[Data segment Boundary: Start]

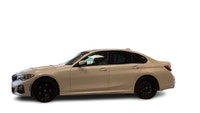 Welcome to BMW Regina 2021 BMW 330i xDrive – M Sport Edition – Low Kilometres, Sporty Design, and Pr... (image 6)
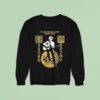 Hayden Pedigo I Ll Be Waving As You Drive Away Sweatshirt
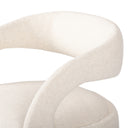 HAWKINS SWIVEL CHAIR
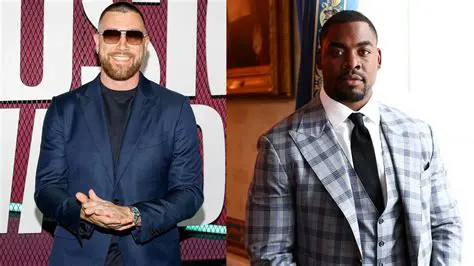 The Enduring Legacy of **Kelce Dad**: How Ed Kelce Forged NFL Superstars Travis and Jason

[Data segment Boundary: End]

What is being asked — Would you give the data above again word for word, skipping any images?

Finished exercise —
 Welcome to BMW Regina 2021 BMW 330i xDrive – M Sport Edition – Low Kilometres, Sporty Design, and Pr... (image 6)
 Hayden Pedigo I Ll Be Waving As You Drive Away Sweatshirt
 HAWKINS SWIVEL CHAIR
 The Enduring Legacy of **Kelce Dad**: How Ed Kelce Forged NFL Superstars Travis and Jason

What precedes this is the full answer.